But my favorite-favorite part was when I asked you what you want to be when you grow up. Most kids hem and haw at this point. But you thought about it, you hesitated for a second, and then you blurted out – “I am going to be an inventor. I am going to invent a solution for pollution.” On Friday morning I checked it out – the name Pollution Solution was once trademarked by a linen company but their trademark expired in 1993. If anyone wants to get a great Bar Mitzvah gift for Leiby, all yours.
But what I didn’t tell you at the time was that that I had the same dream when I was around your age. That’s right. You see, there was a very popular television show when I was growing up called… Captain Planet. It told the story of these five kids who each had their own superpower, and “With the five powers combined they summon Earth’s greatest champion… CAPTAIN PLANET!”
Horrible graphics, plotlines that could have been written by a second grader, but for some reason it captured my imagination.
Admittedly, a lot has changed since then. Singlehandedly, over Pesach I threw out enough plastic plates and tin foil pans to kill off an entire species.
But as I told you, Leiby, in my office, pollution is actually the perfect metaphor for something that is found in our parsha that I have always struggled to explain. TUMAH. Tumah is translated as impurity but that really doesn’t capture its essence.
Tumah, Rav Yehuda Halevi explains, is rooted in death. But that doesn’t seem to match up with our day-to-day experience. One behavior that generates tumah, the tumah of tzo’ra’as is lashon hara, gossiping. I don’t know about you, but if I am being honest, I feel energized when I hear a juicy piece of gossip.
Don’t give me that look. This is biology. When listening to gossip, our brain gets a shot of dopamine, the ‘feel-good’ chemical that we all enjoy.
The question is why. Why does it feel so good to hear something scandalous when we know that it’s so wrong?
Rav Shlomo Freifeld has a brilliant take on Lashon Hara. He makes the following observation: If I were to tell you that in Raleigh, North Carolina, some dude named Bob did something wrong. Would you care? Not really.

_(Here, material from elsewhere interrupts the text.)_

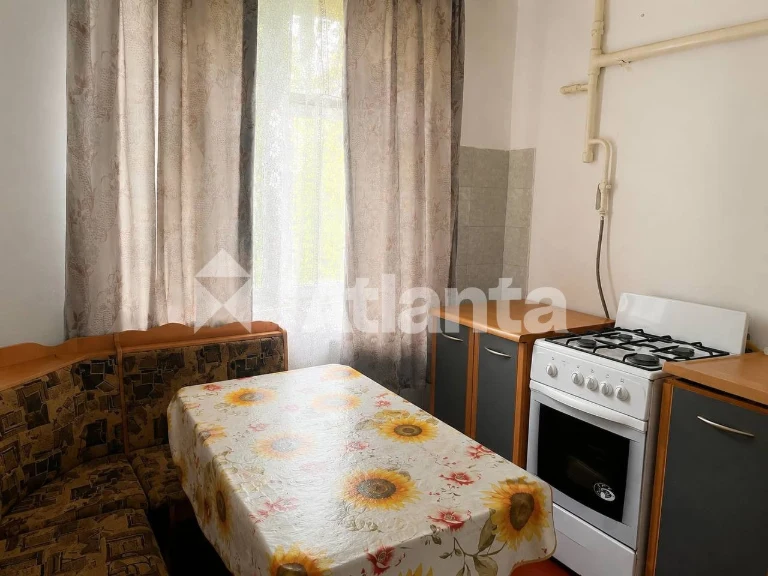 Продаж 1 кімнатної квартири (Залізничний район)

But if I told you that it was someone who lives on this block, who is in this room, someone you know well, did something wrong, all of a sudden we get excited. Why is that?

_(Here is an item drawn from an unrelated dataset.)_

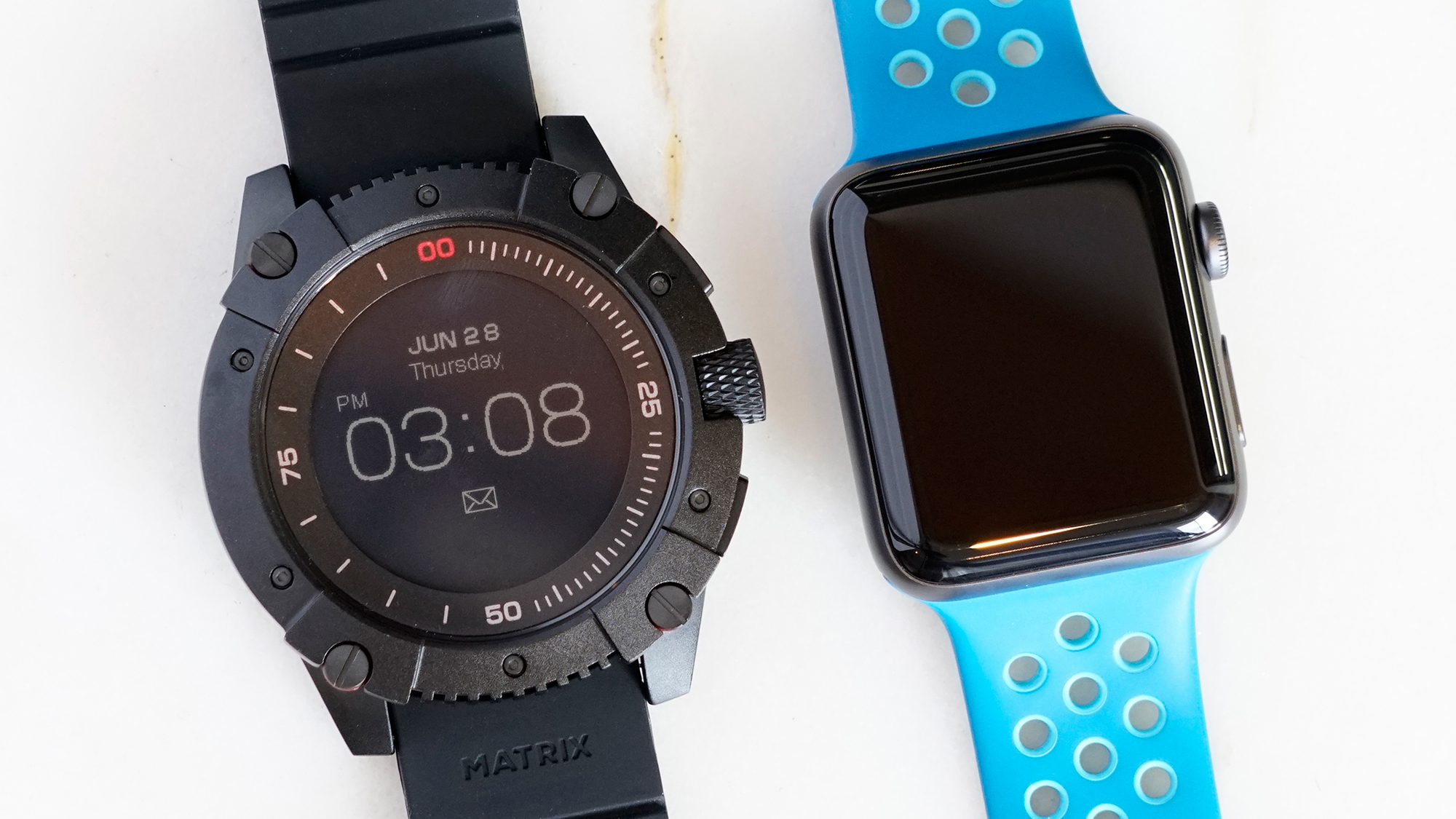 This Body Heat-Powered Smartwatch Gets One Thing Very Right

Rabbi Freifeld explains that tragically most of us assess our self-worth relative to the people we know. We plot ourselves on a continuum with all the people we know. Am I a kind person? Well, let’s look around. If this friend is rude to everyone she talks to and this friend runs from chesed opportunity to chesed opportunity, and I, am sometimes rude and sometime engage in chesed, well then I suppose I am a moderately kind person.

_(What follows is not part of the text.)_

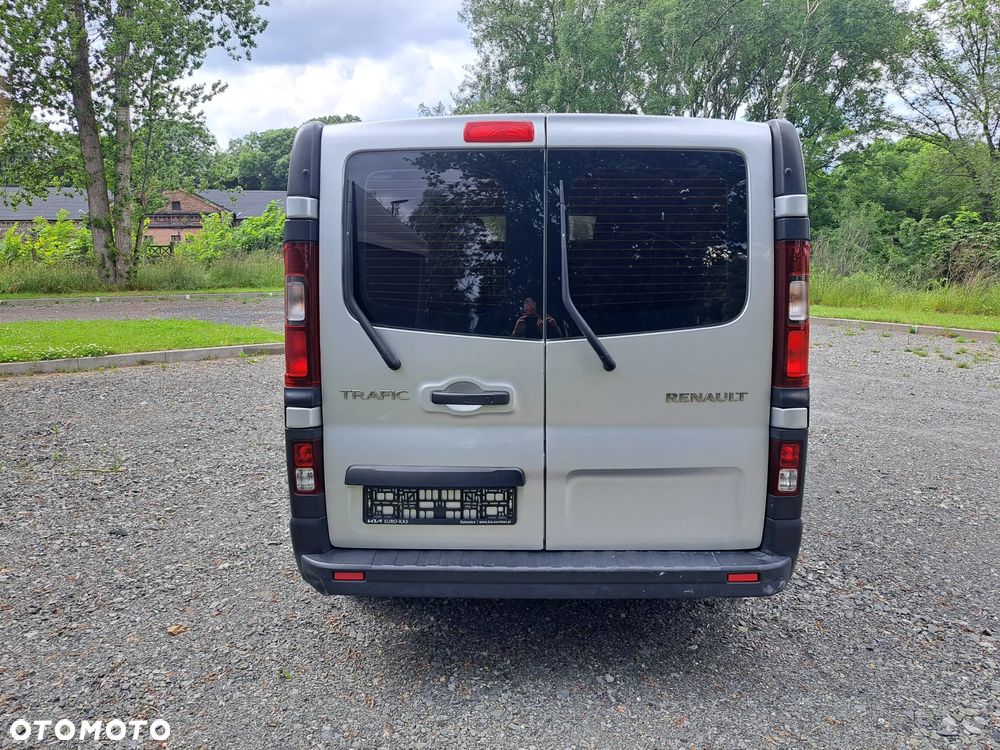 Renault Trafic Combi L1H1 Authentique - 6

But let’s say I find out that Mrs. Chesed-Chaser also is terribly mean to her children, guess what happens? Now she has gone down a few notches, which means that I am now a better person relative to the people I know.
This is why we don’t care if Bob from Raleigh is up to no good. He doesn’t affect my standing. This is also why the best type of gossip, the one that causes a massive flow of dopamine, is gossip about people who are supposed to be upstanding. Because when they go down, I go up. (Not in the Michelle Obama way. You know what I mean.)
The more gossip I speak, the more Lashon Hara I listen to, the less in touch I am with who I am and who I am meant to be. I completely lose sight of my own potential; I forget that my worth is intrinsic and that I will only be judged based on who and what I can be. What greater form of death can there be then living and breathing while being completely divorced from my own self-worth. Mi ha’ish hechafetz chaim? Who wants life? Who wants to really be connected to themselves and not live in a self-imposed delusion? Someone who abstains from gossip.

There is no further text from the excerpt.